One of the distinguishing characteristics of the Austrian school
throughout the development of modern macroeconomics was
its structure of production framework and capital theory. Building
on Menger’s (2007 [1871]) insights regarding the categorization
of goods as “higher order” or “lower order,” Böhm-Bawerk (1930
[1889]) presented a structure of production theory based upon
the roundaboutness of production processes and recognized time
preference as a factor in determining the interest rate and economic
growth. Mises (2009 [1912]) used these insights among others to
sketch a capital and monetary based business cycle theory and later
contributed to the pure-time-preference theory of interest (Mises, 2008
[1949]).
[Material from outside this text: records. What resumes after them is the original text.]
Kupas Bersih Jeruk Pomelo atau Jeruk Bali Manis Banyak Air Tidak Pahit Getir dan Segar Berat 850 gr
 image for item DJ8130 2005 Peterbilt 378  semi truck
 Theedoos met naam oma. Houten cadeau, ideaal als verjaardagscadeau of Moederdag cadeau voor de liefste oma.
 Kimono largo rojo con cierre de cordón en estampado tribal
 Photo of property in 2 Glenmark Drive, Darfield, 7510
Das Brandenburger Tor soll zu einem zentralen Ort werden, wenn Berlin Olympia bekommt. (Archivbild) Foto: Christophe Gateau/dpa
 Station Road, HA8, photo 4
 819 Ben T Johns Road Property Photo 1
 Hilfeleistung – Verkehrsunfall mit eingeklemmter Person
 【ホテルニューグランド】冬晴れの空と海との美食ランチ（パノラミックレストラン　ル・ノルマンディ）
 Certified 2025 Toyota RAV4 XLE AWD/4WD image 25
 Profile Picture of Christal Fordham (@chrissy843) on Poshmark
Hayek (2008 [1931]) made notable contributions to capital and business cycle theory, including a graphical representation of
the structure of production that could show both sustainable and
unsustainable growth, which he subsequently attempted to further improve (Hayek, 2012 [1941]). Rothbard (2009 [1962]) synthesized
this entire system traceable to Böhm-Bawerk through his “development of a capital and interest theory that integrated the temporal production-structure analysis of Knut Wicksell and [F.A] Hayek
with the pure-time-preference theory expounded by Frank A. Fetter
and Ludwig von Mises” (Salerno, 2009, p. xxvii). Using the ideas of earlier Austrian theorists as well as adding his own contributions,
Rothbard presented the relationship between the interest rate and
the proportion between consumption and investment in the clearest
and most logically deduced manner as well as the capital-based
growth that underlies Austrian macroeconomics.
The basic growth scenario entails a fall in time preference, which is
represented by a decrease in consumption spending and an increase
in investment spending. The additional investment funds are spent
on higher order goods, and increase the number of production stages to reflect the lower natural rate of interest. The opposite occurs for
an increase in time preferences. Graphically, the change in time preference is generally visualized as a movement in the supply curve
along a constant demand curve in the loanable funds market, which
implies a similar shift in the overall time market (Skousen, 2007, p.
233; Garrison, 2006, p. 62). This capital-based growth is fundamental
to all current Austrian macroeconomics since it provides the basis
for the generalizations made about the capital structure and time
preference, mainly, that the proportion of present consumption
spending to investment (future consumption) spending is systematically related to the interest rate through time preference. In other
words, changes in time preferences are embodied in changes in
both as
“the time preferences of the individuals on the market determine
simultaneously and by themselves both the market equilibrium interest
rate and the proportions between consumption and savings (individual and aggregate).” (Rothbard, 2009, p. 400).
—Patrick Newman, “Rothbard's Time Market and the Demand for Present Goods,”
Quarterly Journal of Austrian Economics 17, no. 1 (Spring 2014): 47-48.